Kirk Mangus (1952–2013) was an internationally renowned ceramic artist and sculptor "known for his playful, gestural style, roughhewn forms, and experimental glazing". His murals, works in clay, on paper, in wood, and other media pull from a rich and diverse set of influences: ancient Greco-Roman art, mythology, Japanese woodblock prints, comic books, folk stories, from Meso-American through Middle-Eastern and Asian ceramic traditions as well as the people he saw, the places he travelled, and his own dreamworld. He loved experimenting with new mediums, local materials, clay bodies, slips, kiln-building and the firing process.
Born in Sharon, PA, Mangus developed an early love of art from his parents who introduced him to Toshiko Takaezu, then at the Cleveland Institute of Art and sent him to study at Penland School of Crafts. Their inspiration and encouragement led him to receive his BFA from the Rhode Island School of Design (1975) and MFA from Washington State University, Pullman (1979). Mangus would remain friends with Takaezu throughout her life and fired her work over the years in his Anagama kilns in Pennsylvania and Ohio.

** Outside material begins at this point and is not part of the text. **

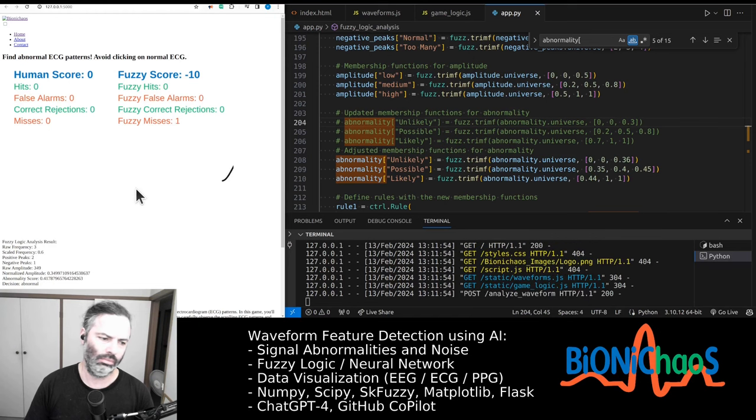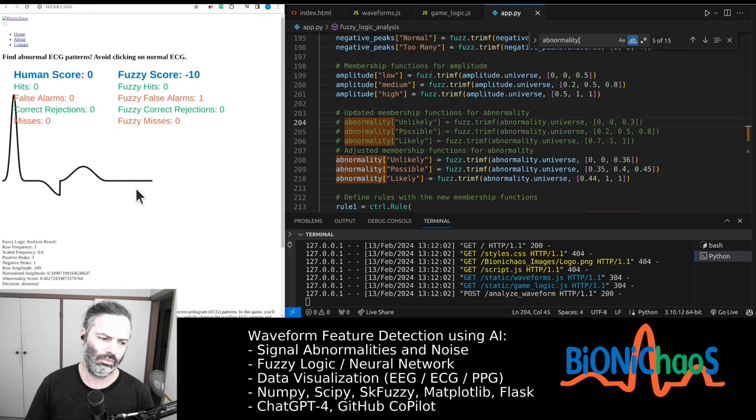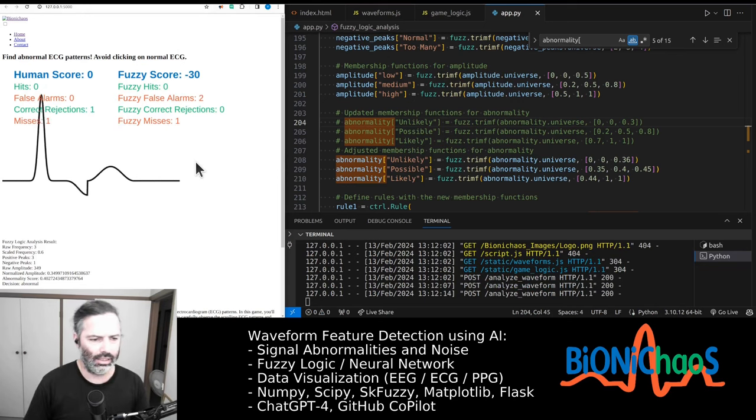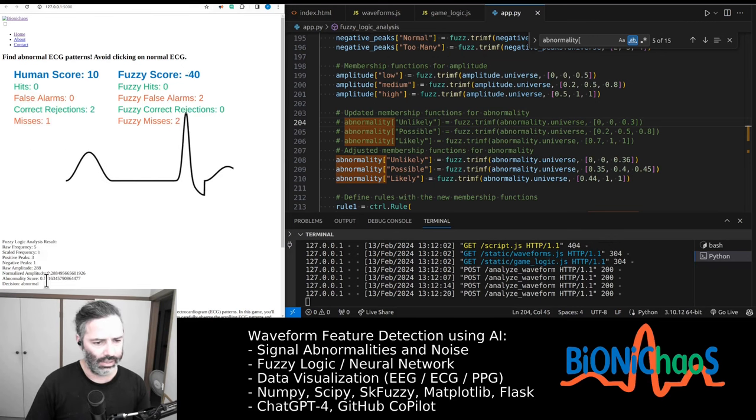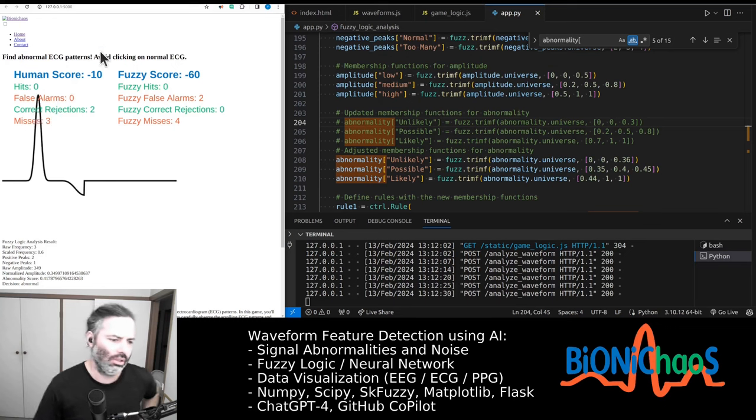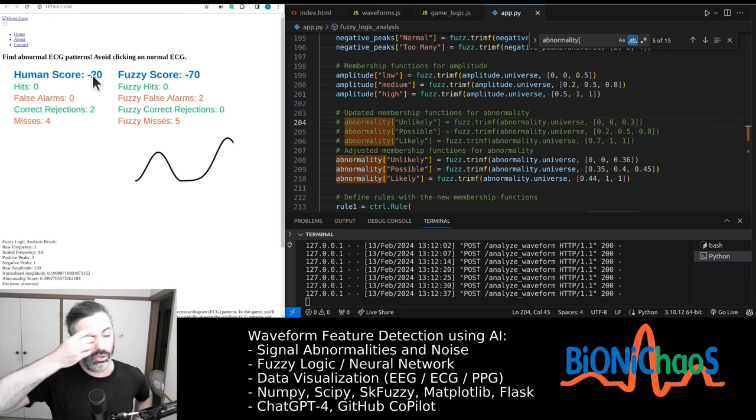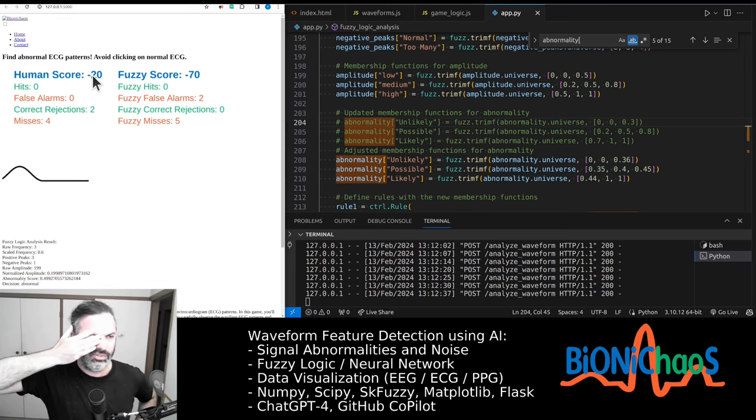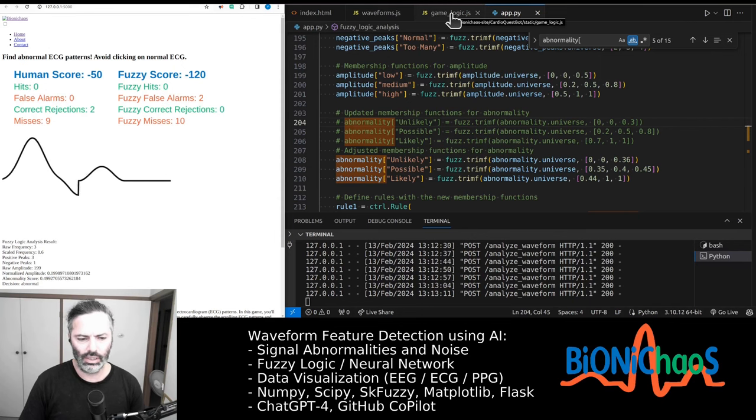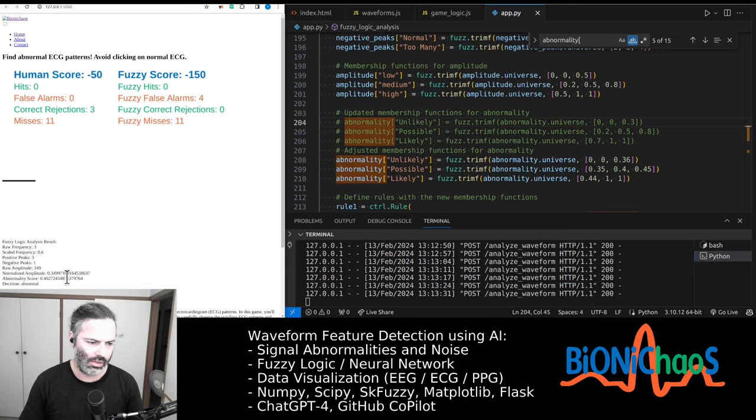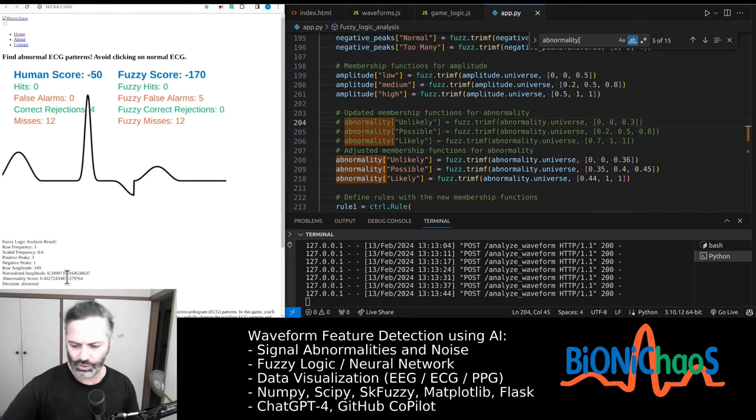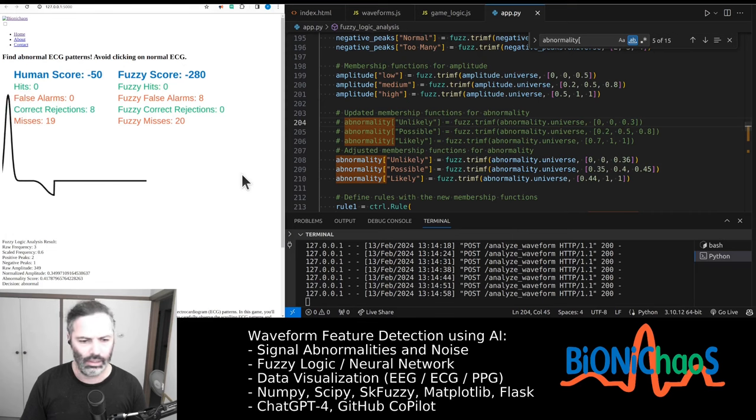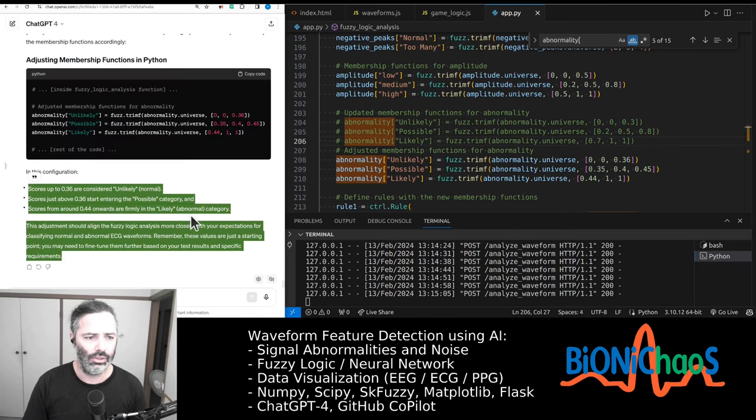Scores up to 0.36 are considered unlikely normal. Scores just above 0.36 start entering possible category, and scores from around 0.44 onwards are firmly in likely abnormal category. This adjustment should align the fuzzy logic analysis more closely with your expectations for classifying normal and abnormal ECG waveforms. Remember, these values are just a starting point. You may need to fine-tune them further based on your test results and specific requirements. Yes, so in the beginning it's still adjusting its thresholds, so it's making mistakes. It went to minus 60 score, and the human one said not to go below minus 50. Might change it. It can go negative, it's fine, I think. How the fuzzy logic score is calculated, yeah, we need to adjust this score. Normal still generating 0.4 now. So why it's getting better over time? There's some thresholds that need adjustment, that are adjusting as we go. Okay, so need to adjust how the score is being calculated.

Mangus was Head of Ceramics at Kent State University from 1985 till his death in 2013 and also taught at Alfred University Summer School, Cleveland Institute of Art, and Cranbrook Academy of Art. He has lectured widely across the United States and internationally.
He was married to Eva Kwong, also an artist, whom he met as an undergrad at RISD. While their work styles differed greatly, they were both partners and collaborators.